La principale nouveauté tient à l’instauration d’une double chaîne de commandement. Les policiers municipaux resteraient placés sous l’autorité du maire pour leurs missions habituelles, mais dépendraient du procureur de la République lorsqu’ils agiraient dans le cadre judiciaire. Ce glissement, même partiel, n’a rien d’anodin. Il remet en question la ligne directe d’autorité du maire sur ses agents. C’est pourquoi le texte prévoit que ces nouveaux pouvoirs ne seront accordés que sur décision expresse du maire, après délibération du conseil municipal. Le volontariat demeure donc un principe cardinal.
Le projet de loi introduit aussi plusieurs évolutions techniques : expérimentation, pendant cinq ans, de l’usage de drones pour la sécurité des manifestations, la prévention des risques ou la surveillance de sites publics ; autorisation d’utiliser des systèmes de lecture automatisée des plaques d’immatriculation (Lapi) pour lutter contre les dépôts sauvages de déchets ; pérennisation des caméras-piétons pour les gardes champêtres ; possibilité pour les régions de financer les équipements de police municipale ; et mutualisation temporaire des services entre communes ou au sein d’un EPCI lors d’événements exceptionnels.
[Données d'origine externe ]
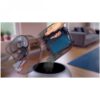 Aspirator fără sac Philips PowerPro Expert 7000 FC9744/09, Asp uscată, 750-900W, Praf 2l, Cablu 7m, 67-84dBA, Filtru H13, PowerCyclone 8, Allergy Lock, TriActive+, Mini perie turbo, CarpetClean, 5.5kg, Opal Gre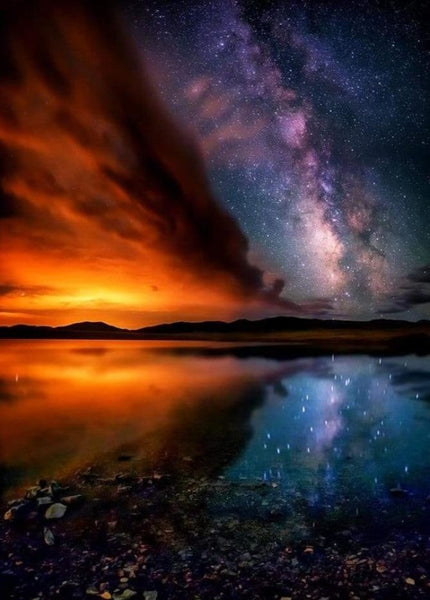 Sunset Milky Way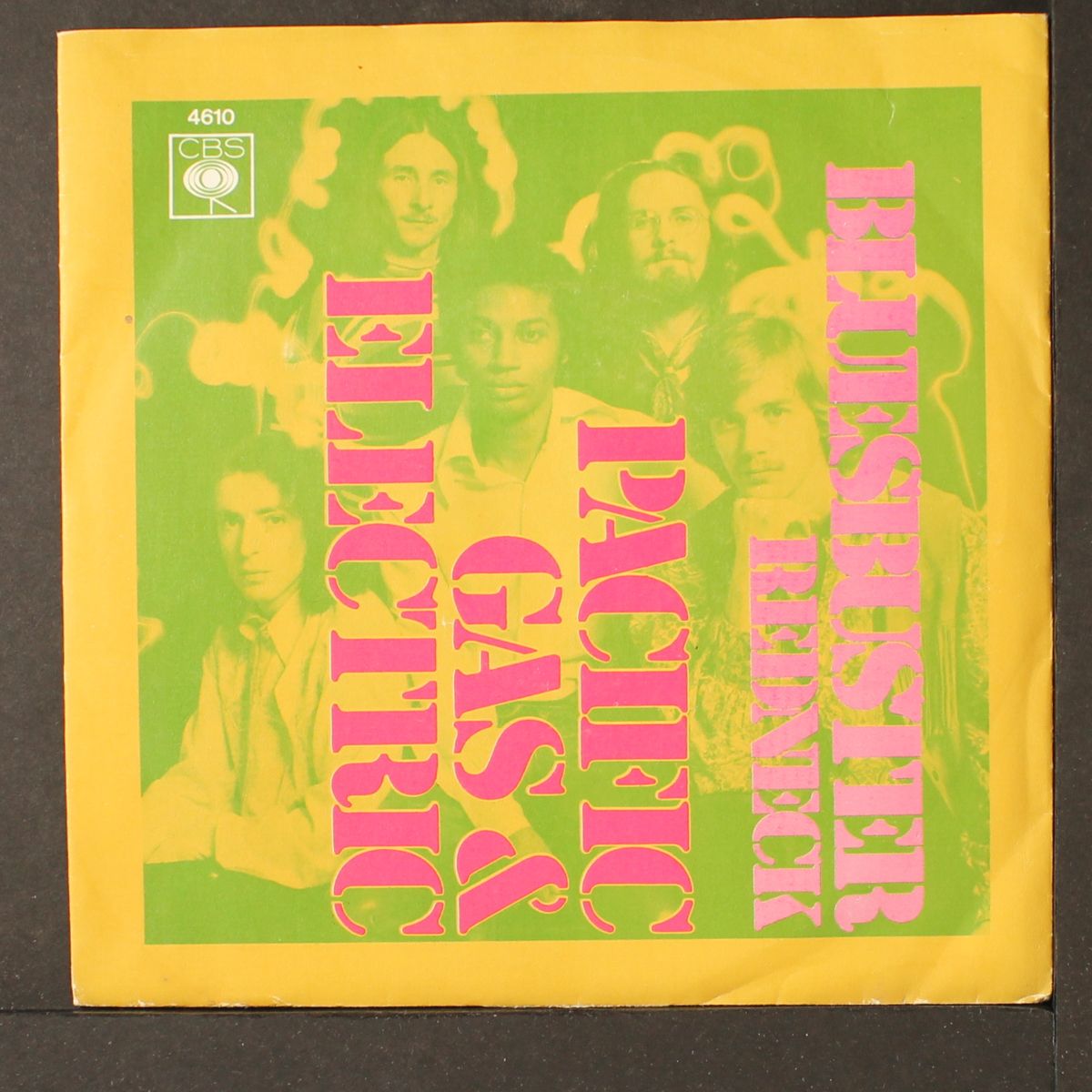 bluesbuster / redneck by PACIFIC GAS & ELECTRIC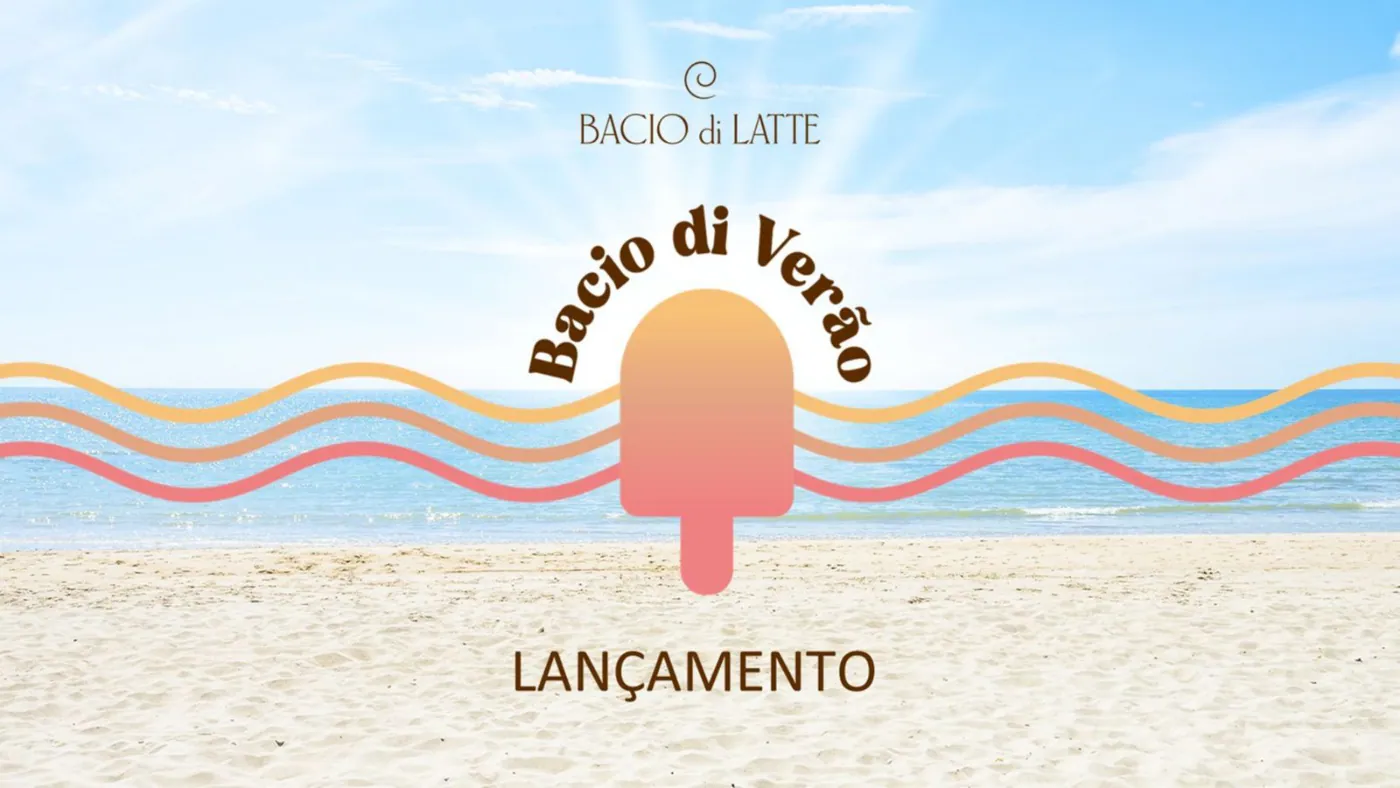 Capa do Catálogo Bacio di Latte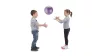 Super soft pattogó labda 24 cm lila – Gymnic Fantyball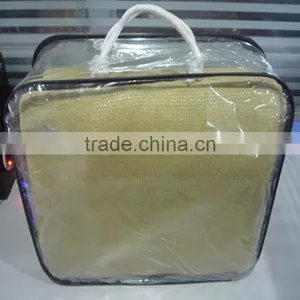 HDPE Reinforced Edge Carparking Sun Shade Sail thumbnail-3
Le Conseil d’État, dans son avis rendu le 23 octobre 2025, reconnaît que la réforme entraînera nécessairement des dépenses supplémentaires pour les collectivités, sans que ces coûts aient été précisément évalués. Les associations d’élu·es ont fait part de leurs réserves : formation spécifique des encadrants, rémunérations à revaloriser, équipements à renouveler… Autant de dépenses qui pèseront sur les budgets municipaux, sans compensation de l’État puisque le texte n’est pas qualifié de transfert de compétences. « Un aménagement de compétences », précise le gouvernement ; une « charge nouvelle », rétorquent plusieurs maires.
Saluant la concertation engagée, les associations d’élu·es rappellent néanmoins une exigence : cette réforme ne doit pas servir de prétexte à un désengagement de l’État dans la sécurité publique. La Fédération nationale des polices municipales et l’AMF soulignent également la nécessité de garantir l’égalité entre communes : certaines disposent déjà de services structurés, d’autres s’appuient sur des dispositifs de médiation ou de tranquillité publique. Toutes partagent la même ambition : assurer la sécurité de leurs habitants dans le respect de leurs moyens et de leur liberté d’organisation.
Le texte sera examiné au Sénat dans les prochaines semaines. Son adoption avant les municipales paraît improbable, mais le débat est lancé : comment concilier proximité, autorité locale et cohérence républicaine ?
Sources : projet de loi n° 25-097 (Sénat, déposé le 29 octobre 2025) ; avis du Conseil d’État du 23 octobre 2025.